Try it – From the material below, copy exactly the lines beginning with the one that contains "DREHSTUHL Samt dunkelblau" and ending with the one that contains "Ireland 1922 Thom"; the pictures stay out.

Exercise materials –
----------
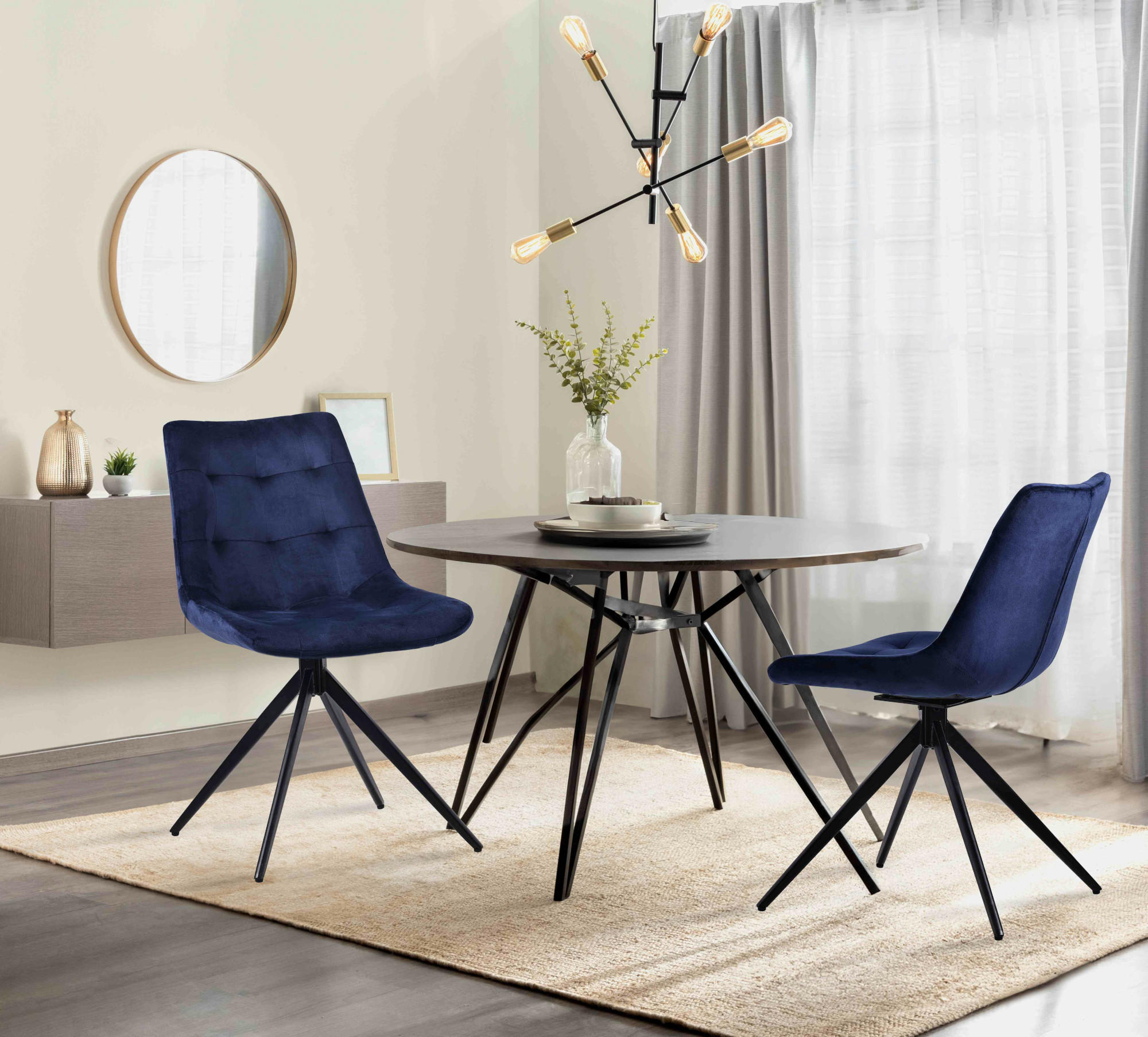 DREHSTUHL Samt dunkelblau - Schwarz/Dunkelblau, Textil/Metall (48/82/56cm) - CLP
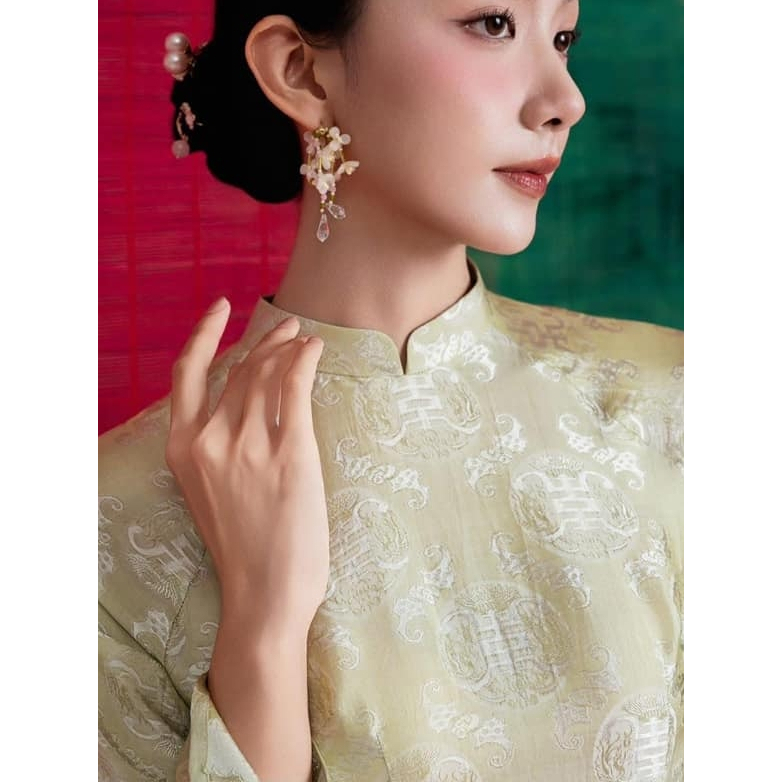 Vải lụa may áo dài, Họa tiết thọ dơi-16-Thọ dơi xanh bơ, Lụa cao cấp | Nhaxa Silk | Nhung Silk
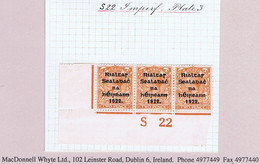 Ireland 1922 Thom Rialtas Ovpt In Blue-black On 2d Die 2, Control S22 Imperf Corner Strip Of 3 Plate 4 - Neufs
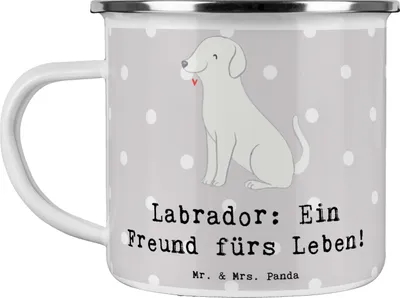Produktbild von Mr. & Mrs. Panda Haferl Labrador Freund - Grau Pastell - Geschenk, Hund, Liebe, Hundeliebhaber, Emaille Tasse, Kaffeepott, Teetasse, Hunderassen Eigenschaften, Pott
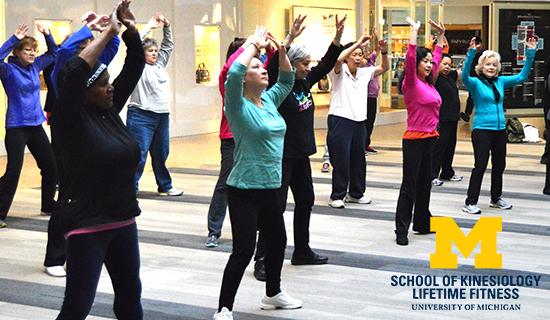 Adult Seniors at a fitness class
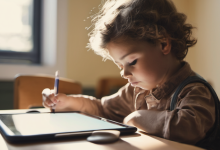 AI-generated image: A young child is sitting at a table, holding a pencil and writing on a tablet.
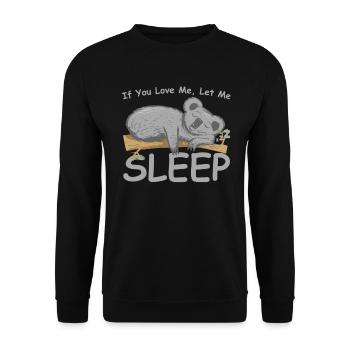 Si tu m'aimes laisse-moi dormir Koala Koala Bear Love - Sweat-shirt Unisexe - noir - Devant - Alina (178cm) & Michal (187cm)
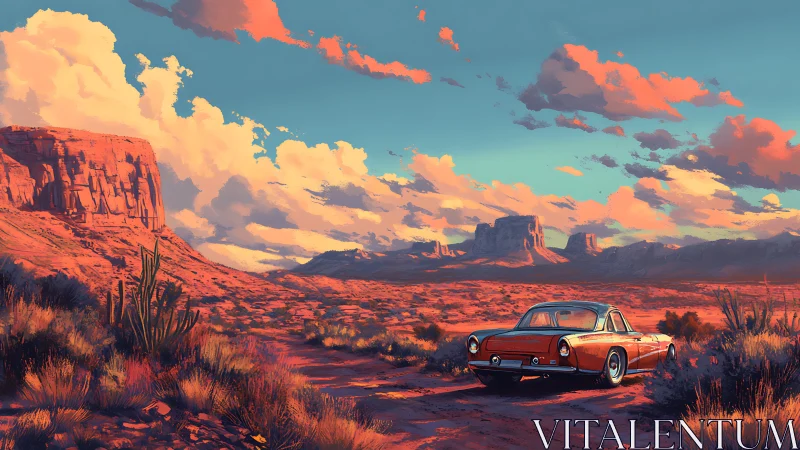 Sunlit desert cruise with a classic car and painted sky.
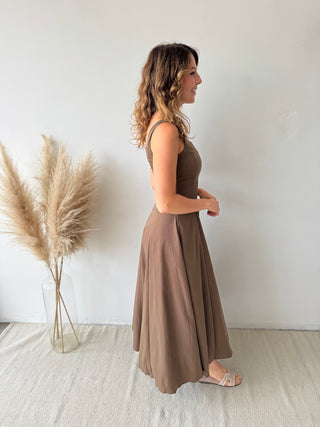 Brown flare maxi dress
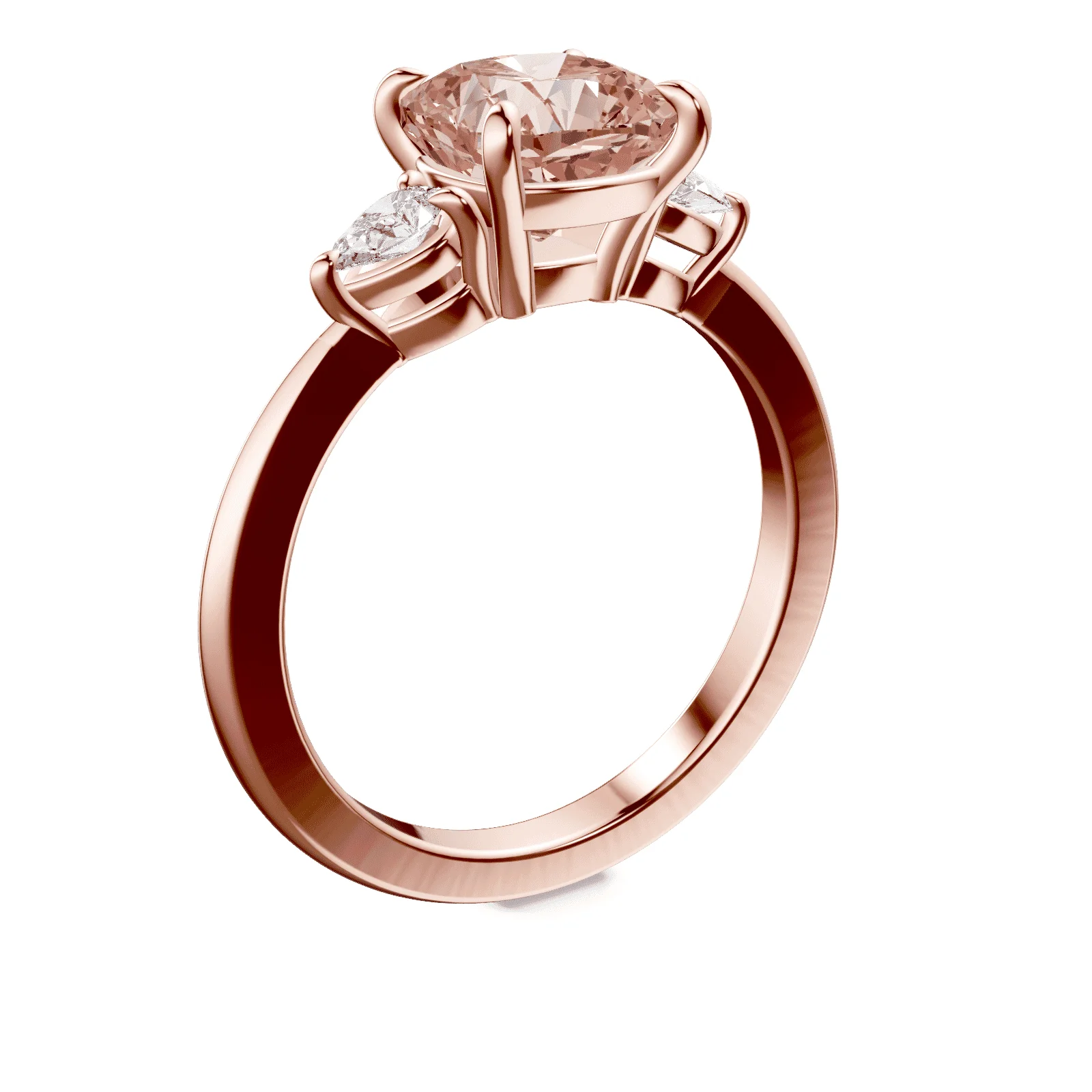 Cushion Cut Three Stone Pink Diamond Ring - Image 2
----------
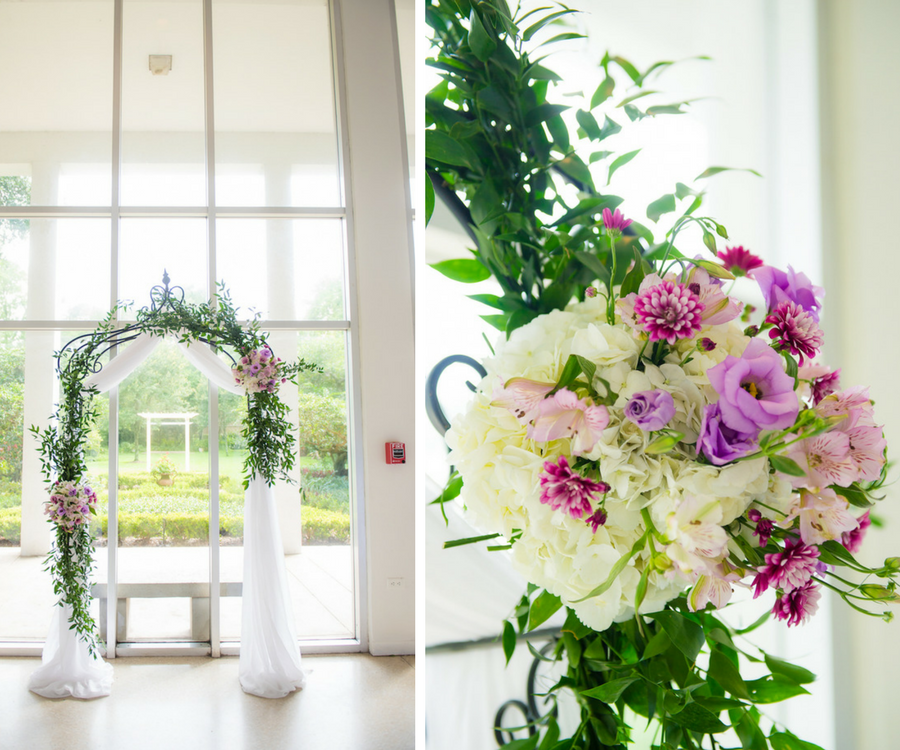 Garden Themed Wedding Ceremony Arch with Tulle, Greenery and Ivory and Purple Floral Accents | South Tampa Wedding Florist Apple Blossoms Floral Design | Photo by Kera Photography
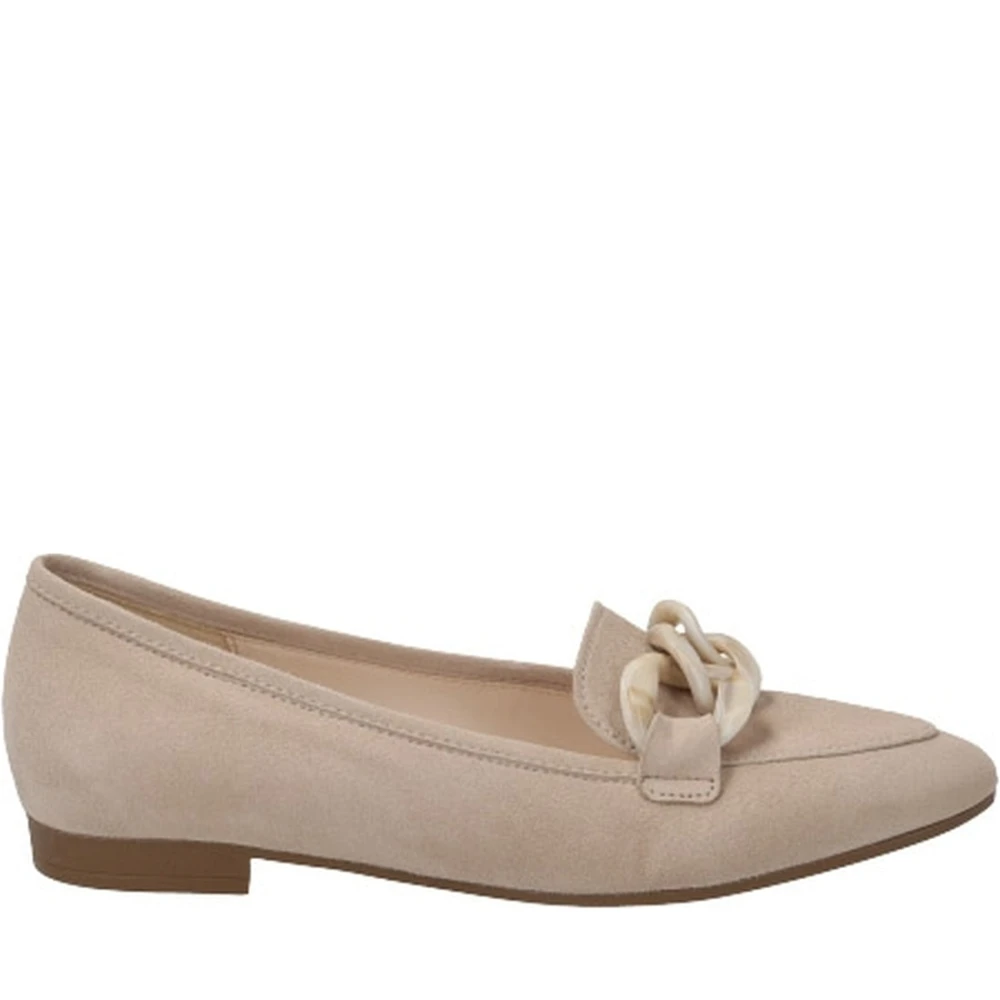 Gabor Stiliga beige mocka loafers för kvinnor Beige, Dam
----------
Your solution –
 DREHSTUHL Samt dunkelblau - Schwarz/Dunkelblau, Textil/Metall (48/82/56cm) - CLP
 Vải lụa may áo dài, Họa tiết thọ dơi-16-Thọ dơi xanh bơ, Lụa cao cấp | Nhaxa Silk | Nhung Silk
 Ireland 1922 Thom Rialtas Ovpt In Blue-black On 2d Die 2, Control S22 Imperf Corner Strip Of 3 Plate 4 - Neufs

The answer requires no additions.